Listed in: Spanish, as SPAN-41
Roberto Marquez (Section 01)
This seminar focuses on an exploration of Haiti, its history and the fiction which that history and experience—as place, emblem, broader symbol, and metaphor—have given rise to. The site of a signal revolution which “lies at the crossroads of multiple discourses as a defining moment in world history,” Haiti is the world’s only Republic brought into being by the successful revolt of slaves. It is Latin America’s first post-colonial state, as well as the second of this hemisphere’s independent nations. It is, likewise, initial locale, provoking source and inspiration for the literary “Marvelous American Reality” Alejo Carpentier and the Haitian novelist Jacques Stéphen Alexis both consider as archetypically Haitian and American: a reality of marvel which, they maintain, Haiti at once produces, embodies, and imaginatively inspires.

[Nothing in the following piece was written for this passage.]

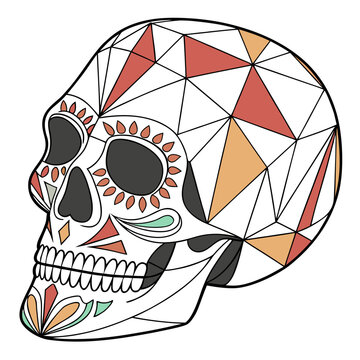 Sugar skull geometric low poly vector graphic illustration art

With the elements of Haitian history as our common fund and contextual backdrop, students will critically read and compare Haitian theme novels by Hispanic writers such as Carpentier (Cuba) with those of contemporary Haitian authors in whose work the enduring legacies, current dilemmas and complexities of Haiti’s experience are also the principal object of narrative passion and concern.
This course will be taught in English. Spanish majors who wish to count this course toward fulfillment of requirements will be invited to write papers in Spanish.
Fall semester. Visiting Professor Márquez.